De là ce programme politique que Thiers a, presque dès ses commencements, exposé tout entier et dont il ne s’est pas départi, à travers toutes sortes de vicissitudes, et le flux et le reflux des événements. Car il n’y a pas que les systématiques qui soient entêtés. Ce sont aussi les hommes, qui, sans le moindre système universel, savent prévoir à peu près l’état de la santé d’un peuple pendant une soixantaine d’années, le régime qu’en conséquence il s’agit de lui faire suivre et où il sera toujours ramené comme nécessairement, et qui ont assez bien prévu pour ne pas recevoir des événements de graves démentis. C’est ainsi que ce sceptique a été parfaitement obstiné, et que, sans conviction absolue, sans dogme, il a toujours dit sensiblement la même chose, ce qui est à l’ordinaire le privilège des dogmatiques. De dogme point ; mais le programme était là, qui, en ses traits généraux, compte tenu et contrôle fait des circonstances, lui paraissait toujours applicable et seul applicable utilement.

Ce programme peut être ramassé en deux mots : système parlementaire et centralisation.
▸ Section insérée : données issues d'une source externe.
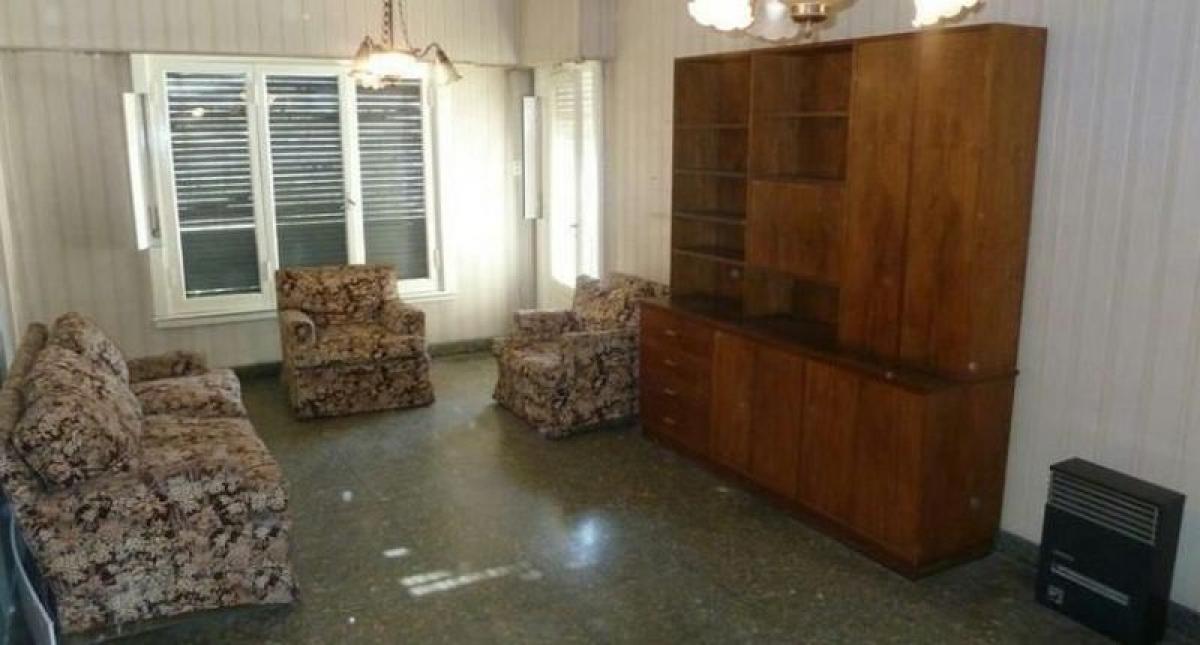 3 bedrooms House in General San Martin, Argentina No. 77494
Thiers tenait autant à l’un qu’à l’autre. Pour lui la centralisation était la force dont la France avait besoin dans la situation en Europe que lui avaient faite la Révolution et l’Empire ; le système parlementaire était la liberté dont la France avait le goût invincible depuis 1789. La force, c’est la centralisation, et il n’y en a pas d’autre ; la liberté, c’est le système parlementaire, et il n’y en a pas d’autre, et tout autre n’est qu’un sophisme : voilà les deux points cardinaux de Thiers, voilà tout son fond politique depuis 1830 jusqu’en 1877. Ses premiers discours sous le gouvernement de Juillet sont ardemment centralisateurs, et le système parlementaire, avec la liste des « libertés nécessaires » qu’il comporte, on le trouvera dans le grand discours de Thiers au Corps législatif, le 11 janvier 1864 ; mais il est déjà au premier volume de l’Histoire de la Révolution française, c’est-à-dire en 1825 : « Il y avait eu en France des États-Généraux… Il y avait eu une autorité royale tour à tour nulle ou absolue.